YOUR TASK: If a record holds a picture, drop the picture and return the rest of the record word for word.

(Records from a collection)
▬▬▬▬▬▬

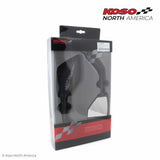 KOSO Apex M10 Mirrors with Indicators for Motorcycle - Matte Black Shell, Clear Lens, M10 Size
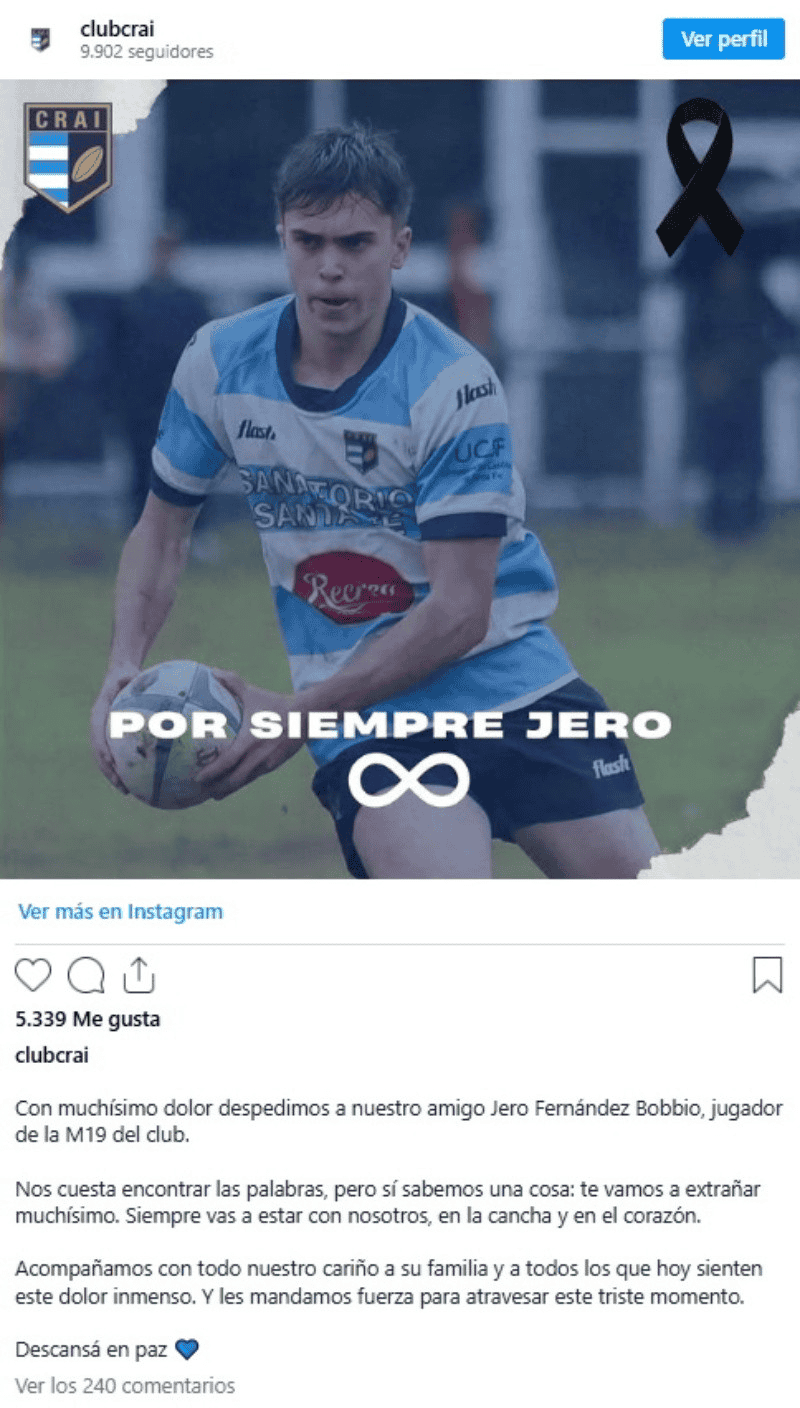 El joven rugbier santafesino falleció a los 18 años tras una cirugía programada de clavícula en el Hospital Italiano de Rosario.&nbsp;
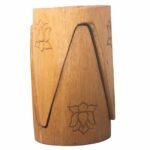 Ancient Wisdom Set of 2 Handcrafted Interlocking Albasia Wood Stool / Table – Natural - Image 2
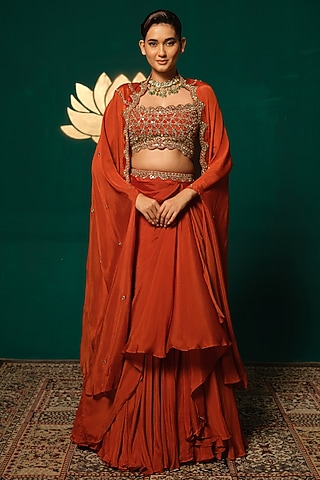 Orange Chinon Mirror Work Jacket Lehenga Set by Niloufer by Aasif Ally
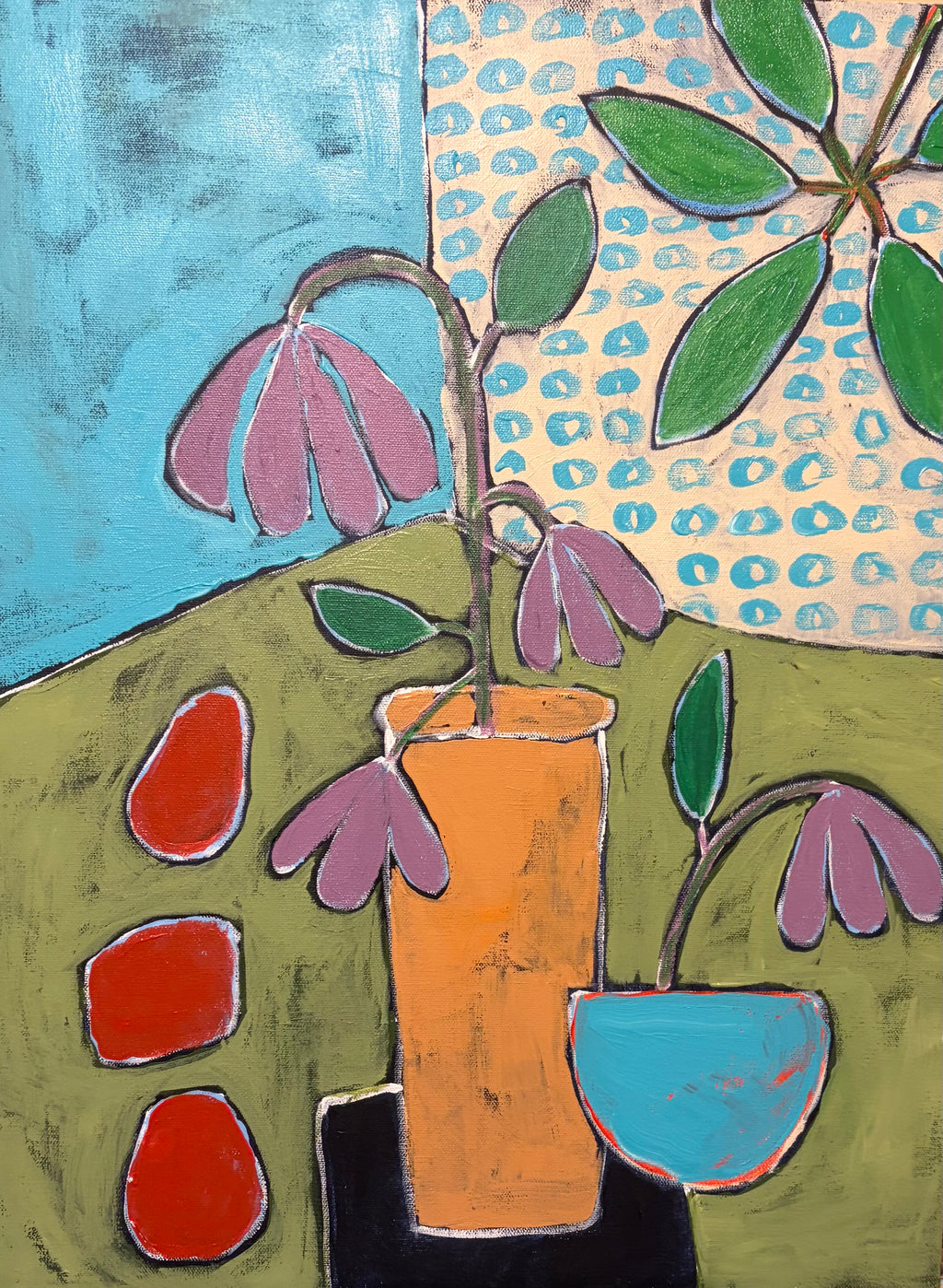 Graphic Bloom on Earth's Canvas – Original Acrylic Painting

▬▬▬▬▬▬

OUTPUT BELOW:
 KOSO Apex M10 Mirrors with Indicators for Motorcycle - Matte Black Shell, Clear Lens, M10 Size
 El joven rugbier santafesino falleció a los 18 años tras una cirugía programada de clavícula en el Hospital Italiano de Rosario.&nbsp;
 Ancient Wisdom Set of 2 Handcrafted Interlocking Albasia Wood Stool / Table – Natural - Image 2
 Orange Chinon Mirror Work Jacket Lehenga Set by Niloufer by Aasif Ally
 Graphic Bloom on Earth's Canvas – Original Acrylic Painting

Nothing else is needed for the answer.